The books continues by examining food in the Bible and in the religious cultures based on it, where “eating and drinking, while no less central (indeed they will prove to be nearly as ubiquitous as they are in Rome), are more likely to exist as a problem, a question mark, an exile, even an enemy” (94). Although food appears as a sign of something else, an allegory, material used to teach in the parables, its “foodness” cannot be avoided: its flavors are addressed, its making and its pattern of consumption are relevant. The following chapter moves to the Renaissance in philosophy, literature, and visual arts. It explores Shakespeare, Milton, Erasmus, but also Platina, the Renaissance writer who in mid-fifteenth century Rome wrote De Honesta Voluptate (about honest pleasure), while being accused of what Barkan refers to as the three Hs: humanism, heresy, and homosexuality. The last chapter goes back to the central thesis of the book, exploring the connection between mimesis, metaphor, and embodiment. this is where we find the discussion about the Last Supper, all the way to the troubles that artist Paolo Veronese incurred with the Inquisition about his detailed approach to the famous scene.

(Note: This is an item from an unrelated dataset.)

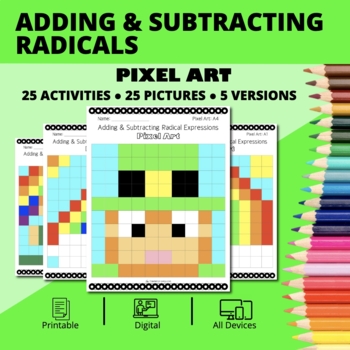 Preview of St. Patrick's Day: Adding and Subtracting Radical Expressions Pixel Art Activity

I’d like to end these reflections with an observation that really struck me, also because it points to something in plain sight that I had never thought about. In sacred art, food can be used to connect our world with the events (and the truth) in the visual representation. In his Presentation of the Virgin, Titian painted an old lady selling eggs in the foreground, well visible: she and her products belong to the world of the viewer, yet they are part of the sacred scene. Barkan also notices how many paintings of the Holy Mother and Child include fruit. They are symbols, but at the same time they are almost placed on a windowsill, “allowing us to look upon the sacred scene as though across an optical threshold” (133). At times the fruit is being held or eaten by Christ Child. Like the eggs in Titian, they are there as part of our world “summoned up by a familiar, tactile, and often highly appetizing experience” (134): “the Bible, together with all its textual and visual traditions, gets perpetually viewed by hungry eyes” (135).